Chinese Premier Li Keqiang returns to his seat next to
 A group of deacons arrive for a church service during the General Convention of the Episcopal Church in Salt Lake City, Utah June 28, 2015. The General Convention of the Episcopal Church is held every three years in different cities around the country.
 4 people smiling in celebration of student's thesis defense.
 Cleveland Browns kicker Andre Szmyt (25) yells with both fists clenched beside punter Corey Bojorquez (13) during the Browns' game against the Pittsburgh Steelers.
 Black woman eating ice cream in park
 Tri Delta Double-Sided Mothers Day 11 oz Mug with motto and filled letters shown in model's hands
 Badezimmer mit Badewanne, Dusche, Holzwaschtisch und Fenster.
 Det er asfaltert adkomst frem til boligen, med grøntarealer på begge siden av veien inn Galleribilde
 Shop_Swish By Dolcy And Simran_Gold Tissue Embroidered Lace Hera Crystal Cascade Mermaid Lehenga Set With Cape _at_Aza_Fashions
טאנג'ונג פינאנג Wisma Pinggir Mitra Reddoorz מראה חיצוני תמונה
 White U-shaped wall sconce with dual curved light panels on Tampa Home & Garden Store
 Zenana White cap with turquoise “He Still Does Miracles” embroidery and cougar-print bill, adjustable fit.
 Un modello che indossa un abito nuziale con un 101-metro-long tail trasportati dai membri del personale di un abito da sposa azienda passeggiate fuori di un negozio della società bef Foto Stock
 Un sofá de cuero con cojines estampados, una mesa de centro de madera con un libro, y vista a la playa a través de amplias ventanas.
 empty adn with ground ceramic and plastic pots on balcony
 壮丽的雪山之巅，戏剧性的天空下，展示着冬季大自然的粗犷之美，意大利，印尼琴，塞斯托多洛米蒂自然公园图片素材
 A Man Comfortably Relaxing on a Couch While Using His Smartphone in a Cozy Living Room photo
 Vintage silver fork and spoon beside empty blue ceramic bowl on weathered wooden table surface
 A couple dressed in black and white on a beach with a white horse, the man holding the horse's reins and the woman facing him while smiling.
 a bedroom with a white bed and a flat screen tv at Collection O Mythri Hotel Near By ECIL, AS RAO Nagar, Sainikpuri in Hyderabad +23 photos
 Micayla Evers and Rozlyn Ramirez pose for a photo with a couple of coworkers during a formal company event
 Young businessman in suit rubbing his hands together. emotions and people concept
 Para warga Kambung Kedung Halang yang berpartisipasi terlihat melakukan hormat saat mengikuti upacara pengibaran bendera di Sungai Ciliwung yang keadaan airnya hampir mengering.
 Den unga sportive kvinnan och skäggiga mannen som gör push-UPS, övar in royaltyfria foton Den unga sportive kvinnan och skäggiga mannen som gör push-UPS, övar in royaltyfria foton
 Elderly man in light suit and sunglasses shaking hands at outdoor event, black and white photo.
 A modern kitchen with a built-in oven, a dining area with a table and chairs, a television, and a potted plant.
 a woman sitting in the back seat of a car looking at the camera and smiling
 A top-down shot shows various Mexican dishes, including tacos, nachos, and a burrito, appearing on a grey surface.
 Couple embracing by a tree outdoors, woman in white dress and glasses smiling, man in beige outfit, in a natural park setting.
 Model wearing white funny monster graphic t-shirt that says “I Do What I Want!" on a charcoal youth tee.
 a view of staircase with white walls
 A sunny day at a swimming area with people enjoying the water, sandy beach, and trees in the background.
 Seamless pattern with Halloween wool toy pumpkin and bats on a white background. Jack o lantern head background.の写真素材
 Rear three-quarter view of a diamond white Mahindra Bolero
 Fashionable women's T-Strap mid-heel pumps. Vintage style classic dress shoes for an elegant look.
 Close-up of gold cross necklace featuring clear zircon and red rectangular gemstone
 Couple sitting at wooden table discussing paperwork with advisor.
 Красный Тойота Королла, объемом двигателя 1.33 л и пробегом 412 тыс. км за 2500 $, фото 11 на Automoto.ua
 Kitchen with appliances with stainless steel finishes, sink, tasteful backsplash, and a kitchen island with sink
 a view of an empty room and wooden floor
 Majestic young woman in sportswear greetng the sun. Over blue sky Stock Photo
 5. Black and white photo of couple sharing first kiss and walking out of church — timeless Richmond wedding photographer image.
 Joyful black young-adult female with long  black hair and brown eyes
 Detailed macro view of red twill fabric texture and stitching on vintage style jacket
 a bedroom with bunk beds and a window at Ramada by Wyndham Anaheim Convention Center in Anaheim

→ To do:
When you reach the line in the material above that holds "Couple sitting at", begin reproducing lines exactly, and stop after the line that holds "Kitchen with appliances".

→ Answer space:
 Couple sitting at wooden table discussing paperwork with advisor.
 Красный Тойота Королла, объемом двигателя 1.33 л и пробегом 412 тыс. км за 2500 $, фото 11 на Automoto.ua
 Kitchen with appliances with stainless steel finishes, sink, tasteful backsplash, and a kitchen island with sink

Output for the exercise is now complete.